Sometimes I feel like I'm actually two different people trapped in one body. My desires and needs are so often at war with one another, it's as though my metaphorical angel and devil are permanently stationed on each shoulder - and both with a seemingly legitimate point of view.
The problem is that those two points of view are generally mutually exclusive.
Something I've been very proud of recently has been settling down and getting my life in order, and somewhat stabilized. For age 22, I think I'm doing pretty well. I have a 9 to 5 job like I wanted, a fairly stable relationship, and for all intents and purposes, a quiet, normal, and stable life. I still live in New York City, so I only ever get so quiet and normal, but still, great strides have been made. And part of me is so pleased, proud, and content.
Then there's the other part of me, who is stricken with insatiable wanderlust, and is damn near crawling out of her skin. That part of me dreams of just packing the car, driving across the country, settling in a random town and just taking it from there. But that's not stable or responsible. Would it be exciting? Sure. Could I really walk away from my life here? Not so sure.

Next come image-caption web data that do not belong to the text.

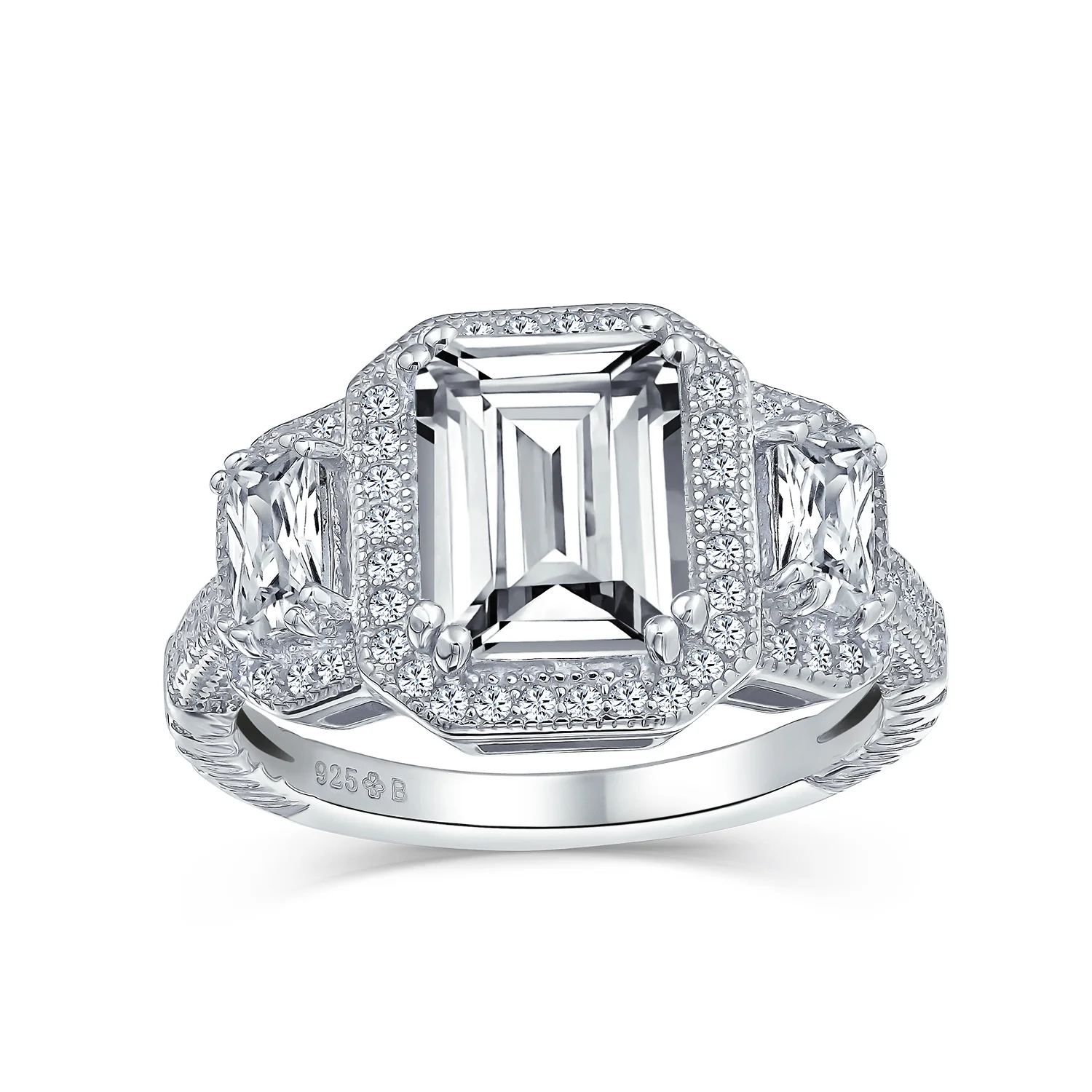 Art Deco Style Statement Engagement Ring 3CT CZ Cubic Zirconia Emerald Cut Baguette Sterling Silver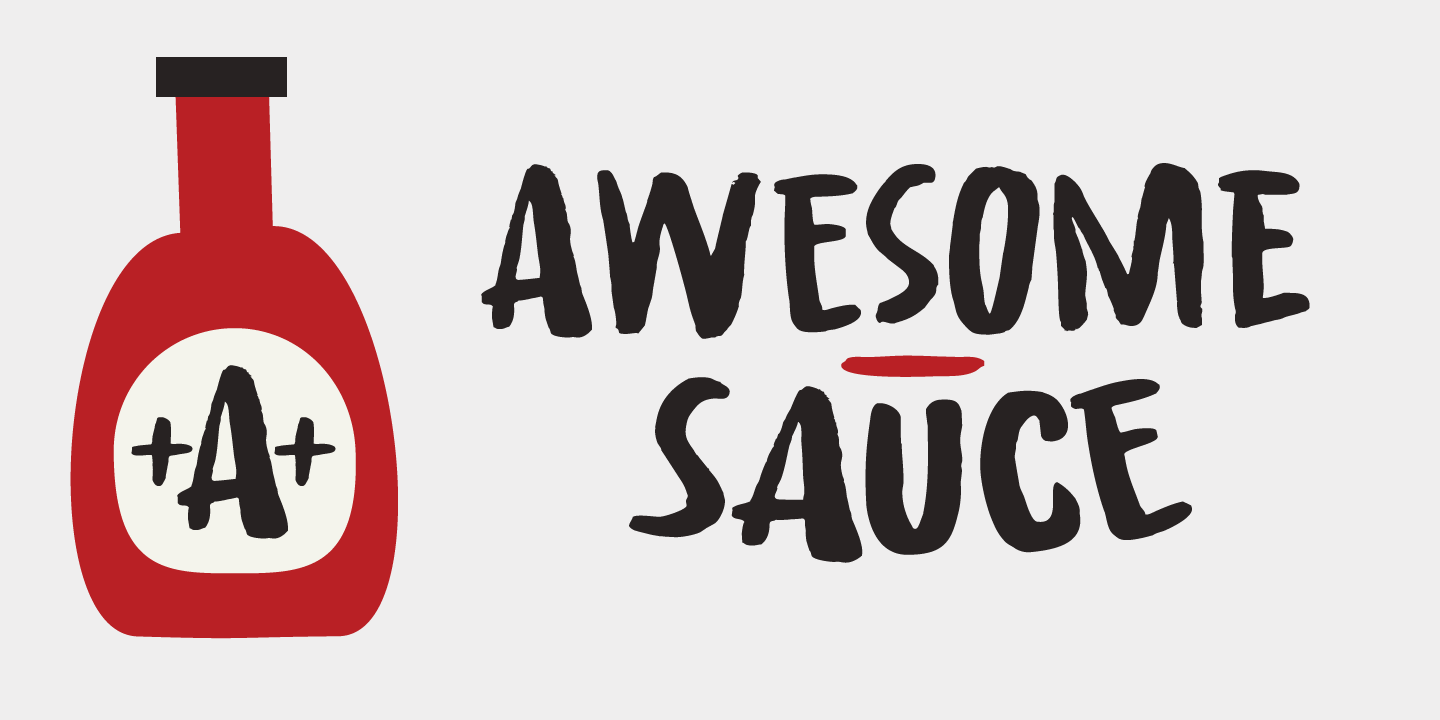 Beispiel einer Awesome Sauce Italic-Schriftart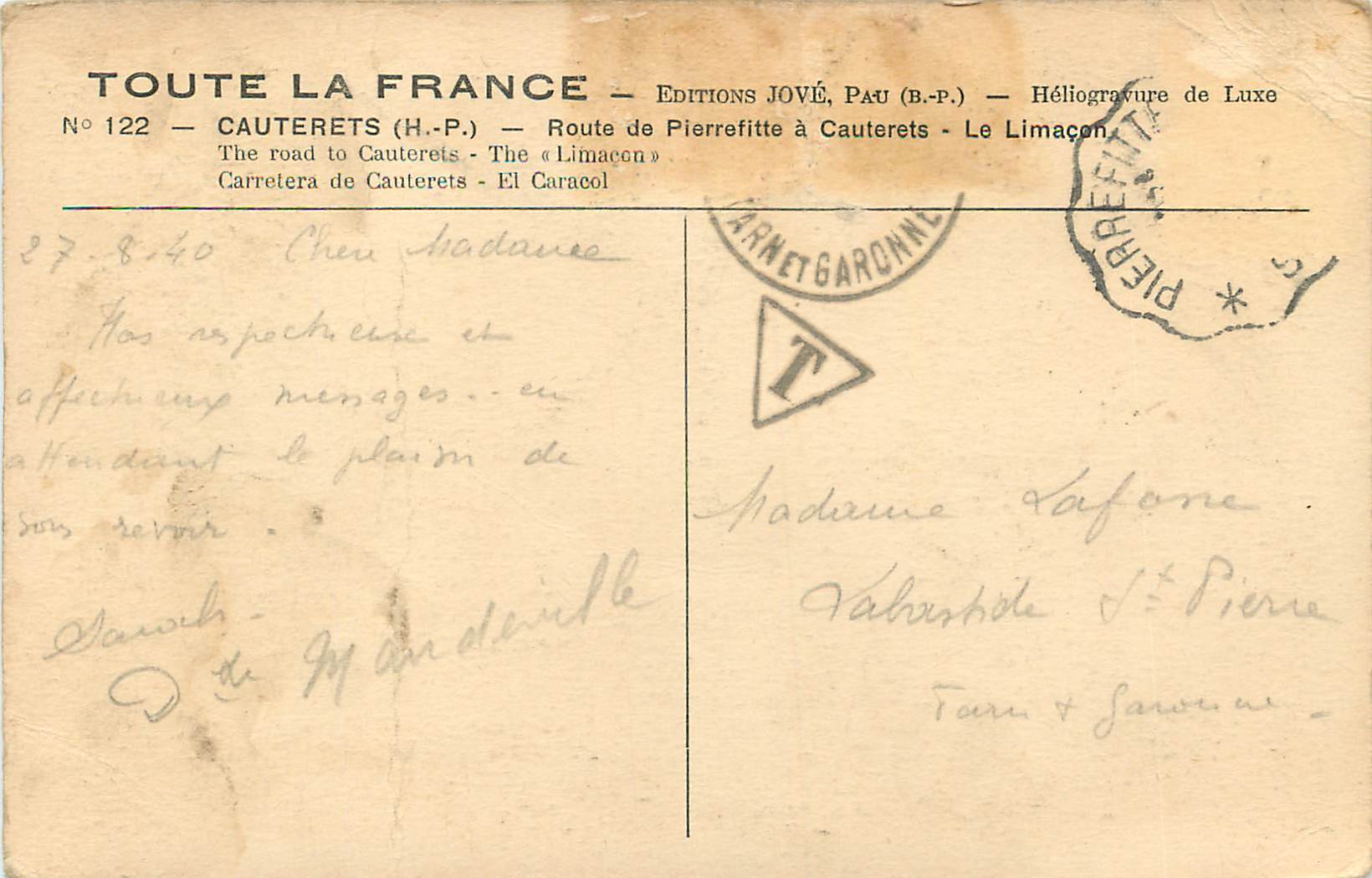 Route de Pierrefitte à Cauterets — Le Limaçon — Éditions Jové, Pau (B.P.) — Rückseite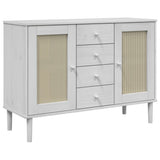 vidaXL Sideboard SENJA Rattan-Look 112x40x80 cm Pine Wood Brown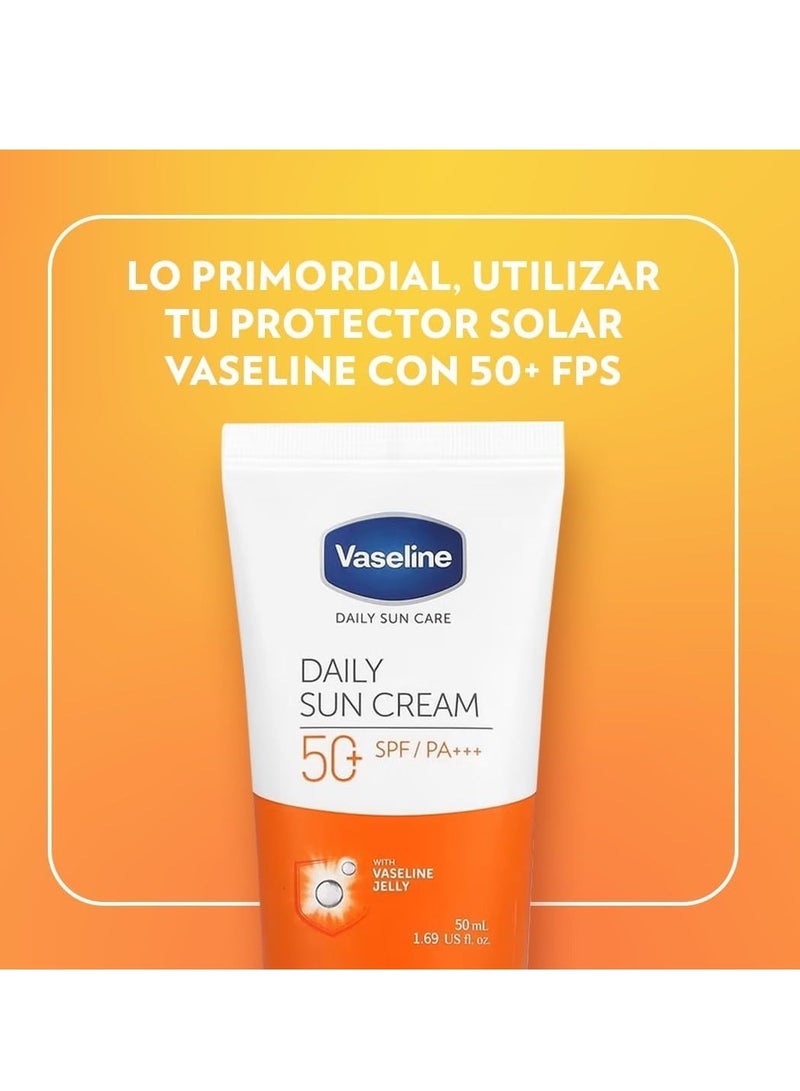 Vaseline Daily Sun Cream With SPF 50| Lightweight Sun Protection Sunscreen with Vaseline Jelly| Non-Sticky & Matte Finish Formula Brightens & Moisturizes Skin| 50 ml - Image 3
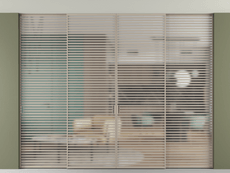 Перегородка Formato внутри проёма скрытое крепление в потолок 4 створки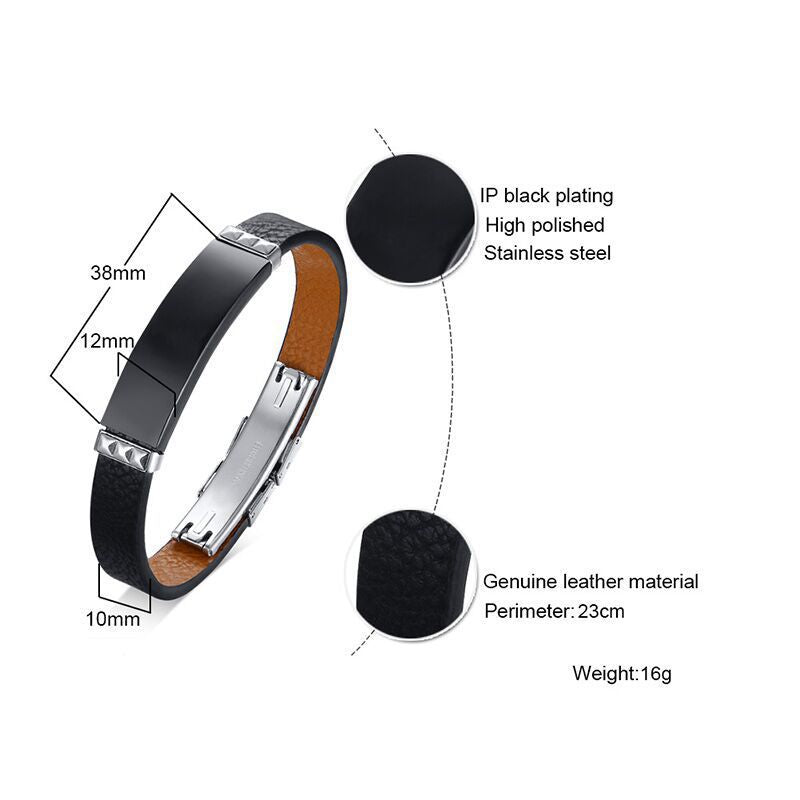 Stainless Steel Bent Leather Bracelet For Men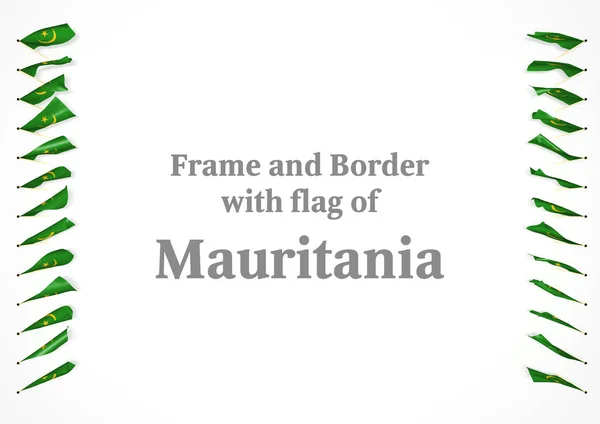 Çerçeve ve bayrak Moritanya ile sınır. 3D çizim — Stok fotoğraf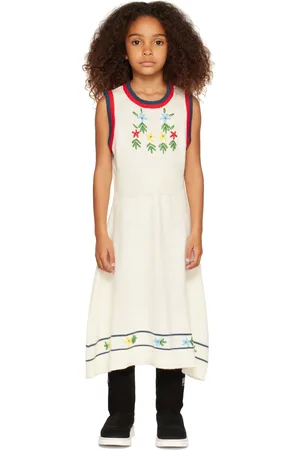 Fish & Kids Kids Off-White Flowers Dress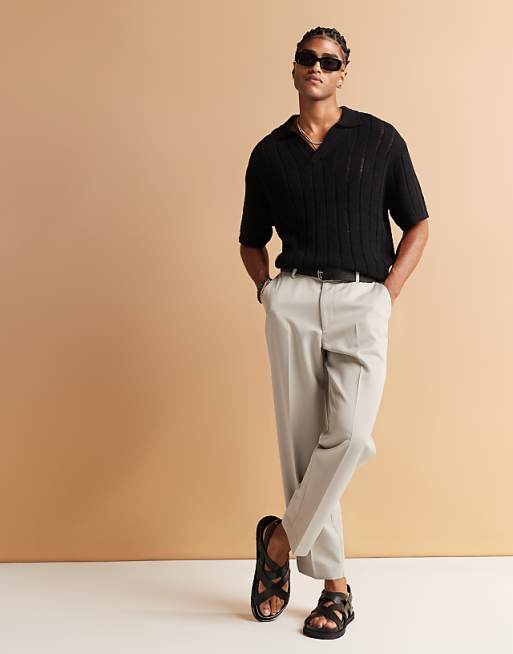 Chino Asos Design Smart Straight Leg Cropped Pants In Light Gray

I've come close a few times. Almost two years ago, I lost the job that I loved and the man I thought I loved all in the same month. I was broken, and for the first time in years, I felt completely free. I ran away to London for a few weeks, which had less than the desired effect. As Sheryl Crow said, "They say you gotta get away to wanna go back home again." With the exception of my time in Oxford, I spent most of my time overseas wanting to leave. Still, to this day, every time I close a show, or get dumped I am hit hard with an urge to run somewhere - anywhere.
Last week, I was offered a job on Norwegian Cruiselines. I had applied for the job months ago, shortly after being brutally dumped by the douchebag formerly known as Prince Charming, and finding out that yet another show was closing and leaving me jobless. At the time, I wanted to run and where better than a cruiseship? But now? I'm too comfortable in my job and relationship to jeopardize my stability by uprooting my life now. So I won't go.
And there we see the problem - I get too comfortable, too attached to things. The part of me that loves safety, and stability, and normalcy always wins out in the long term, despite occasional flights of fancy. But I still yearn for excitement, and a certain degree of freedom that stability does not afford me. And so I wall myself in, with jobs and men, and all the messy emotions that accompany those things, and I can;t bring myself to abandon ship until all of that comes tumbling down.
And it will, someday. And when it goes, I'll cry and I'll ache, and I'll shake an angry fist at the sky, begging the stars for answers to the age old "Why me?"
But somewhere beneath all that, there will be a packed suitcase, a tank of gas, and a little voice that says "I've always wanted to see the Grand Canyon."